Not unless someone is offering to do the heatX math for a home-made, one-off heat-exchanger this seemed like a "trial and error" design and I suggested the idea with multiple rebuilds in mind. Once you got close with the temporary attachments, knowing that may they will introduce heat loss, the permanent attachments should produce better performance in the finished device.

Curbie

[Crofter]

If you are trying to capture most of the exhaust heat of a fully loaded 6-1 that will amount to approx 5 kw hour. The first necessity is sufficient interface area between the exhaust and that side of the exchange material. While aluminum has a higher conductivity rate than iron the difference in effectiveness is less than apparent since the exhaust soot and boundary layer is the main detriment to transfer. 
You need lots of area and a greater number of smaller tubes is more effective at bringing the most hot gas in contact with the most surface area. Ideally the heat pickup liquid should be on the other side of the single transfer material.  You should be guessing I like tube and shell exchangers, Lol!

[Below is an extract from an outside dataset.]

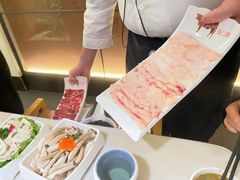 -左庭右院鲜牛肉火锅(浦江欢乐颂店)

They can often be arranged to have a single inspection cover removed to brush the tube ID without having to disconnect any of the product lines but that is only a matter of convenience not effectiveness. I am not a fan of aluminum compared to steel because of steel being so much easier to find compatible fittings for or weld to, and cheaper to boot.

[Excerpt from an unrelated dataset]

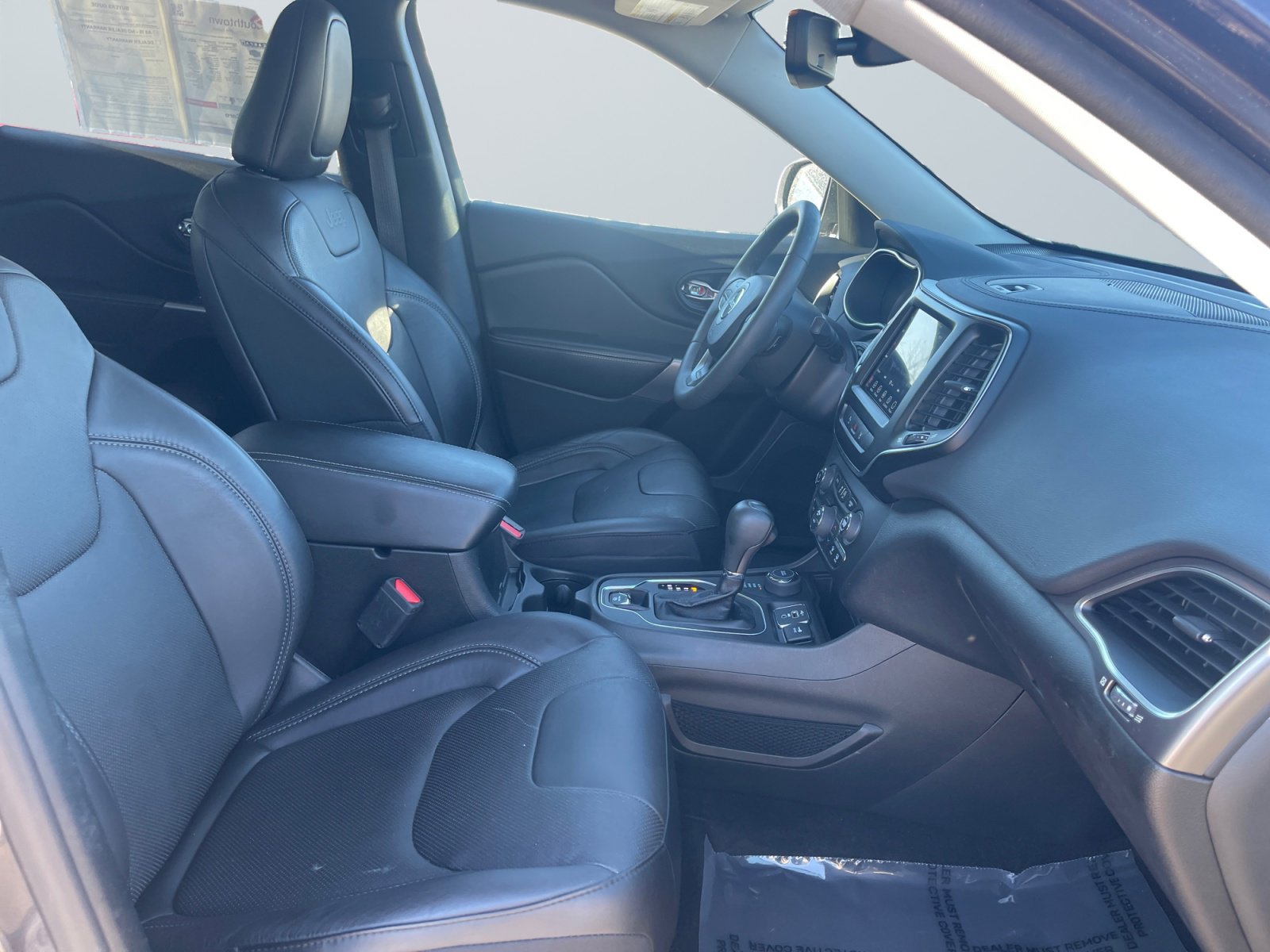 Used 2021 Jeep Cherokee Latitude Lux w/ Comfort/Convenience Group image 17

Certainly it will be necessary to size transfer area and your coolant flow through rate depending on whether you want it approaching steam temperature or 140F or so for heating or domestic water. You may not want your exhaust gas going out too cool either and condensing but that is probably not the most likely problem. I dont think you have oversized contact area.

[Ronmar]

Along with what Crofter said...  You biggest issue with a single half meter piece of 2" pipe is going to be time.  Thermal expansion not withstanding, a 6/1(4.5" bore X 5" stroke) at 650 RPM displaces just shy of 80 CU/IN X 325 exhaust strokes per minute = 25,844 CU/IN/Min of exhaust gas.  That is 431 CU/IN every second.  A 2" ID pipe X 24" long has an internal volume of about 75 CU/IN.  So that hot exhaust gas is going to pass thru your heatex in about 1/5 of a second, with only a very small fraction of it ever contacting the roughly 1.05 SQ/FT of internal surface area...  Internal baffeling or swirl enhancers are not going to have much effect in that short time, and anything that would would raise exhaust backpressure.  You start backing up the exhaust, and you might possibly damage the exhaust valves.   A half meter straight pipe heatex thing might make you a cup of tea every half hour or so, but I don't see you getting much heat out of it. 

In order to get some meaningfull heat out of it, you need enough internal volume to hold the exhaust gas for seconds, not fractions of a second without adding restriction, but yet still maintaining enough turbulence to breakup internal laminar flow.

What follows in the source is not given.